The researchers establish that in the absence of Hsp104, the yeast small heat shock proteins collaborate with other molecular chaperones to slowly disassemble amyloid fibers by removing one subunit at a time from the tips of the fibers. This activity was extremely surprising since the small heat shock proteins and other molecular chaperones are best known for their duties in preventing protein clumping—they were not previously known to disaggregate pre-formed and exceptionally stable amyloid fibers.

"Remarkably, the human small heat shock protein, HspB5, stimulates other heat shock proteins, Hsp110, Hsp70, and Hsp40, to gradually depolymerize amyloid fibers formed by alpha-synuclein, which are implicated in Parkinson's disease" explains Shorter. He adds that, "because monomers [subunits] are released by this system and not toxic oligomers [longer chains of subunits], we believe this is an extremely safe way to dissolve amyloid."

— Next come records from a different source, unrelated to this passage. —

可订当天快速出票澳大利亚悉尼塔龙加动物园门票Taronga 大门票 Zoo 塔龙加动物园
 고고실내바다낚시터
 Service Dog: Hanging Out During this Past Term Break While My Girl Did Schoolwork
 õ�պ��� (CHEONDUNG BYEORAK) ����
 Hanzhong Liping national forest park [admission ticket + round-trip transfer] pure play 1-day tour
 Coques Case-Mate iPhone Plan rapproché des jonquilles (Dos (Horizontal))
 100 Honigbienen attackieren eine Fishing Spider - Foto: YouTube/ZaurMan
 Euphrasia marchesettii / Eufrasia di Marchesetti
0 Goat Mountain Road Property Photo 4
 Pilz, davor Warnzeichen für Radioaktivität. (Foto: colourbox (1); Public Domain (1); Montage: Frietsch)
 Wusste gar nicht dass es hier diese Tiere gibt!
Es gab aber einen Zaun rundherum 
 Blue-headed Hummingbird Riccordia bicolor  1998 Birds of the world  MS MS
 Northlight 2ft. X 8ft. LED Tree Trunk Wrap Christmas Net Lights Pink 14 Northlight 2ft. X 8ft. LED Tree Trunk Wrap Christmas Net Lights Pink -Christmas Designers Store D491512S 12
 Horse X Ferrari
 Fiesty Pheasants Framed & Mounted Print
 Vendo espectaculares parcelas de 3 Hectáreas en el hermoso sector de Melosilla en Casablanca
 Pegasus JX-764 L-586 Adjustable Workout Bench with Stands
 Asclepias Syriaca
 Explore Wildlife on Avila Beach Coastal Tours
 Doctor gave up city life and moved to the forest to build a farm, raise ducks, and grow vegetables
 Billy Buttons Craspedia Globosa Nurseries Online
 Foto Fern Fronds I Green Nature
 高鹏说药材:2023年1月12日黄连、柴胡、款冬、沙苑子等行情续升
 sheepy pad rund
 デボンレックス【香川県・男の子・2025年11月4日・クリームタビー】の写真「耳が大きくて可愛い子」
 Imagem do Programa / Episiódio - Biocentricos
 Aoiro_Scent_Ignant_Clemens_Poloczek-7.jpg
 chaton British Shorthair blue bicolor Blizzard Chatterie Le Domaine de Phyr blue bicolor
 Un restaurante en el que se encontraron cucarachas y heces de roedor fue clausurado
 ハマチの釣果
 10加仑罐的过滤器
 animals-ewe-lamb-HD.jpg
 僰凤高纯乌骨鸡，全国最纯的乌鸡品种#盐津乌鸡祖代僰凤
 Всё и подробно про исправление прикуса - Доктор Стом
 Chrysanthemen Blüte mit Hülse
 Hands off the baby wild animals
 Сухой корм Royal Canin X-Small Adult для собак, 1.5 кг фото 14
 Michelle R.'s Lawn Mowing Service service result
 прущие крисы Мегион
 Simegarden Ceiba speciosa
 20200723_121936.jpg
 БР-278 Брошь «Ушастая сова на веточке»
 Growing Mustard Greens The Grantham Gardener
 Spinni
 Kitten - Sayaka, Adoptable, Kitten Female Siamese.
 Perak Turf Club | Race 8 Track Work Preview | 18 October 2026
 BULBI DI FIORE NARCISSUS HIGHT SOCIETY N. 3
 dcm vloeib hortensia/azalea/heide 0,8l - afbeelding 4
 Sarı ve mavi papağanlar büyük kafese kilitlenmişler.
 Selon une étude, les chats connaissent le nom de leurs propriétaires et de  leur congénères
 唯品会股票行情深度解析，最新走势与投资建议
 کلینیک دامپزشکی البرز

Importantly, the proteins of the amyloid-depolymerase machinery in yeast also exist in humans. Thus, even without Hsp104, human small heat shock proteins can collaborate with other molecular chaperones to disassemble amyloid fibers. These new findings could have therapeutic applications for the treatment of various neurodegenerative disorders, suggest the researchers. The goal is to stimulate the disaggregating machinery in humans where and when needed by increasing the expression of heat shock proteins that should, hopefully, pull apart disease-causing amyloid fibers. The next step will be to boost the activity of the newly discovered amyloid-disaggregating machinery, perhaps with drug-like small molecules, in animal models of neurodegenerative disease.